Glenn Greenwald cites records showing that the telecom companies are spending incredible amounts of money on lobbying Congress for immunity from suits regarding their cooperation with the Bush administration on warrantless wiretapping and other illegal programs.
Just in the first three months of 2008, recent lobbyist disclosure statements reveal that AT&T spent $5.2 million in lobbyist fees (putting it well ahead of its 2007 pace, when it spent just over $17 million). In the first quarter of 2008, Verizon spent $4.8 million on lobbyist fees, while Comcast spent $2.6 million. So in the first three months of this year, those three telecoms — which would be among the biggest beneficiaries of telecom amnesty (right after the White House) — spent a combined total of almost $13 million on lobbyists. They’re on pace to spend more than $50 million on lobbying this year — just those three companies.
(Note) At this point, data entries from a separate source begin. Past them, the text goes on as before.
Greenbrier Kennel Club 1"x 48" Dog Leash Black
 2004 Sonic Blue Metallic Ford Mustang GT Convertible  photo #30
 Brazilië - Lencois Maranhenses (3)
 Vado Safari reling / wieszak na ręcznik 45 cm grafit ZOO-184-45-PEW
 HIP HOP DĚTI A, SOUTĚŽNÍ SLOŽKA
And as Greenwald points out, this tends to put the lie to all those claims about the poor telecom companies being threatened with lawsuits by those well-funded “special interests”:
Let’s pause for a brief minute to reflect on how ludicrous and deceptive — laughably so — are some of the main FISA/telecom claims that are being advanced. We continuously hear, for instance, that these poor, beleaguered telecoms need protection from the big, money-hungry plaintiffs’ lawyers driving these “costly” surveillance lawsuits. One of the two organizations leading the litigation against the telecoms (along with the ACLU) is the non-profit group Electronic Frontiers Foundation. Here is what EFF’s Kurt Opsahl wrote this week:
“To put this into perspective, AT&T’s spending for three months on lobbying alone is significantly more than the entire EFF budget for a whole year, from attorneys to sys admins, pencils to bandwidth.”
And then there’s the claim — advanced by the likes of The Washington Post’s Fred Hiatt, among others — that it’s a grave injustice to force these telecoms to incur attorneys fees in order to defend themselves against allegations that they broke the law because the litigation is so “costly.” Yet here these telecoms are spending $1 million per month or more in order to send former government officials to pressure members of Congress to write our laws the way they want them to be written.
Incidentally, they’re also paying PR and lobbying firms owned by folks who are running and raising funds for McCain’s campaign:
Then there are the specific lobbying arrangements these telecoms have regarding FISA. AT&T, for instance, paid $120,000 in the first three months of 2008 to the lobbying firm of BSKH & Associates — the firm of which Charlie Black, top campaign adviser to John McCain, is a founding partner. According to BSKH’s lobbyist disclosure form (.pdf), Charlie Black himself, at the same time he was advising McCain, was one of the individuals paid by AT&T to lobby Congress on FISA…
Last year, AT&T paid $400,000 to Black’s firm. Black was taking money from AT&T to lobby on FISA and simultaneously advising McCain. McCain, needless to say, voted in favor of granting amnesty to AT&T and the other telecoms at exactly the time that his close adviser, Black, was taking money from AT&T to influence Congress on its behalf. And, of course, AT&T and Verizon are among McCain’s top donors.
And remember, McCain has railed against what he calls “the iron triangle of big money, special-interest lobbyists, and the legislation they buy” and “the ‘revolving door’ by which lawmakers and other influential officials leave their posts and become lobbyists for the special interests they have aided.” Maverick, indeed.